Task prompt: Only one stretch of the data is wanted: the line containing "PA license plate MOU9011", the line containing "縦落ちセンターパート／ツイストスパイラルパーマ／八王子", and every line between them, copied exactly.

(Beginning of Given records)

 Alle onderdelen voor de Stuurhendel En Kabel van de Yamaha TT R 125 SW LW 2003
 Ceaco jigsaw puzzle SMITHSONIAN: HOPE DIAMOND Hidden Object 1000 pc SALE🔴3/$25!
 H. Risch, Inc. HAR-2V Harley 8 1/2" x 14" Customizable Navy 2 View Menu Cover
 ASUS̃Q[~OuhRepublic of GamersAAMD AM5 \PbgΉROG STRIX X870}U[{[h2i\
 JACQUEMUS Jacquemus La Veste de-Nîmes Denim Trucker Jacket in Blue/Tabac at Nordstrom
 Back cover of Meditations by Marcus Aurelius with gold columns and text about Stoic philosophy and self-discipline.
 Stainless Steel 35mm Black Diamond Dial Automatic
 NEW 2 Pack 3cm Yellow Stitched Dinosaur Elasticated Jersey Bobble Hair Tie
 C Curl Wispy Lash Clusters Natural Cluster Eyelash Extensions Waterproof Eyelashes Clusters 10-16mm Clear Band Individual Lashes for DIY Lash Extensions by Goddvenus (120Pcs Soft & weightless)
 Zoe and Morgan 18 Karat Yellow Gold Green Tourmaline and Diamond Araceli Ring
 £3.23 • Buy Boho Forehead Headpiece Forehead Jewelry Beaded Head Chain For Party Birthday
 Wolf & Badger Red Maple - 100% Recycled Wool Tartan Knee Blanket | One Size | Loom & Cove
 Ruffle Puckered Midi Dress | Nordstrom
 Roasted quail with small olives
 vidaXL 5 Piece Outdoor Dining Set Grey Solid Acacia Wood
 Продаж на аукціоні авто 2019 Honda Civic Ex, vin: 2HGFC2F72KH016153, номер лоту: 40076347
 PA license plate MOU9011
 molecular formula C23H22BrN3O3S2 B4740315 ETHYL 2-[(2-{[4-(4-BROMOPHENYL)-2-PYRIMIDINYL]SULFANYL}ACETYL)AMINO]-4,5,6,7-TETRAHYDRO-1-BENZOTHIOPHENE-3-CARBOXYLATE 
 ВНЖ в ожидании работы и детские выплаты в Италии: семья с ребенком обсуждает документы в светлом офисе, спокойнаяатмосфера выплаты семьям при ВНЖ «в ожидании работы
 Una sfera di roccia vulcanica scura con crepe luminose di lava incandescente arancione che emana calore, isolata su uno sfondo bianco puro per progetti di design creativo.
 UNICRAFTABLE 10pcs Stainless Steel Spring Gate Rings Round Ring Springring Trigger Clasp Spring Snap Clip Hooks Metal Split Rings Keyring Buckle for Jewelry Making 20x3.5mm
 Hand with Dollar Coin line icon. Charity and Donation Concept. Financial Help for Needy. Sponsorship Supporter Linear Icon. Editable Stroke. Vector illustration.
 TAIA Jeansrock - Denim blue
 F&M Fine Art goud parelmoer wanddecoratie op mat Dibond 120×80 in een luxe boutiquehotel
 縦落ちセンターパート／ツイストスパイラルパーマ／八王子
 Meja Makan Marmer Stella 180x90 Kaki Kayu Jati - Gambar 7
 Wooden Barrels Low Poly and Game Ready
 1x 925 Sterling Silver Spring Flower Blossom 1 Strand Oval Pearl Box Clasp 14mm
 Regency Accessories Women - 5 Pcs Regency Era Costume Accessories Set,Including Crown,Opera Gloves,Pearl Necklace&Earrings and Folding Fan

(End of Given records)

Written solution:
 PA license plate MOU9011
 molecular formula C23H22BrN3O3S2 B4740315 ETHYL 2-[(2-{[4-(4-BROMOPHENYL)-2-PYRIMIDINYL]SULFANYL}ACETYL)AMINO]-4,5,6,7-TETRAHYDRO-1-BENZOTHIOPHENE-3-CARBOXYLATE 
 ВНЖ в ожидании работы и детские выплаты в Италии: семья с ребенком обсуждает документы в светлом офисе, спокойнаяатмосфера выплаты семьям при ВНЖ «в ожидании работы
 Una sfera di roccia vulcanica scura con crepe luminose di lava incandescente arancione che emana calore, isolata su uno sfondo bianco puro per progetti di design creativo.
 UNICRAFTABLE 10pcs Stainless Steel Spring Gate Rings Round Ring Springring Trigger Clasp Spring Snap Clip Hooks Metal Split Rings Keyring Buckle for Jewelry Making 20x3.5mm
 Hand with Dollar Coin line icon. Charity and Donation Concept. Financial Help for Needy. Sponsorship Supporter Linear Icon. Editable Stroke. Vector illustration.
 TAIA Jeansrock - Denim blue
 F&M Fine Art goud parelmoer wanddecoratie op mat Dibond 120×80 in een luxe boutiquehotel
 縦落ちセンターパート／ツイストスパイラルパーマ／八王子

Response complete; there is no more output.